Il padre aveva ascoltato masticando pane e, avendo più senso pratico della moglie, aveva bevuto un sorso di vino e aveva detto: «Va bene Carmine, facci conoscere questa fiorentina, a patto che non perdi la testa e continui a studiare».
A Carmine era sembrato di aver scalato una montagna, forse la prima della sua vita. Era sicuro che Amanda, bella e signorile com’era, sarebbe piaciuta a tutti. Del resto lui, anche se non aveva mai detto niente, da lì se ne voleva andare.

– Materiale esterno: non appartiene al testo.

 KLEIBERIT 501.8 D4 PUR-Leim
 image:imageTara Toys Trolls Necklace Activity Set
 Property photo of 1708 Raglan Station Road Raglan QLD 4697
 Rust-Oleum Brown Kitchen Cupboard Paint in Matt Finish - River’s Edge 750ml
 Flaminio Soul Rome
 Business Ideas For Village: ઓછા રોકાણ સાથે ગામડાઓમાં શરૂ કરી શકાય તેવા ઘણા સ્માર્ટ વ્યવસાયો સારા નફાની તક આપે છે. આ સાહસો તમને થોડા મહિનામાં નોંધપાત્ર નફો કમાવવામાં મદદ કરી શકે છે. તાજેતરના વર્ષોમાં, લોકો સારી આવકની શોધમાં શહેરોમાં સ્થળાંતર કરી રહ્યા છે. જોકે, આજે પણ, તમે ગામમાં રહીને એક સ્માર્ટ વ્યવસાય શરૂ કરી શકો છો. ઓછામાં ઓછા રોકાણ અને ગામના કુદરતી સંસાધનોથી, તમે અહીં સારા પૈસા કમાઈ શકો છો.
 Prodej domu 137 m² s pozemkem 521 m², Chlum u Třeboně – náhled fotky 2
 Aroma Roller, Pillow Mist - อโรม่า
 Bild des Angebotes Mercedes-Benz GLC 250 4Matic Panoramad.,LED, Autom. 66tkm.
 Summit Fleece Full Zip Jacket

Adesso tutto era pronto per “la fiorentina”, soltanto sua sorella Evelina, la maggiore, aveva decretato che una forestiera non era una cosa buona. Carmine aveva pensato però che Evelina fosse gelosa di Amanda perché avrebbe preso possesso di quella che era stata la sua camera, anche se Evelina è sposata da più di cinque anni.
Loredana
Molti anni dopo quella notte Loredana si trova a Firenze e durante una passeggiata nei dintorni di Santa Croce, all’improvviso si ricorda di quella ragazza alta, bionda, elegante, conosciuta durante un viaggio in treno. Finite quelle vacanze entrambe erano tornate alle loro rispettive esistenze e avevano dimenticato la promessa di rivedersi.
«Amanda, si chiamava Amanda. Chissà se avrà sposato il suo Carmine!», pensa Loredana.
I pensieri la conducono ad addentrarsi nel reticolo di viuzze fino al numero 25 di via Tripoli dove, senza neanche rendersene conto, scorre i nomi sul citofono. In quello stabile vivono solo quattro famiglie ma lei non ricorda il cognome.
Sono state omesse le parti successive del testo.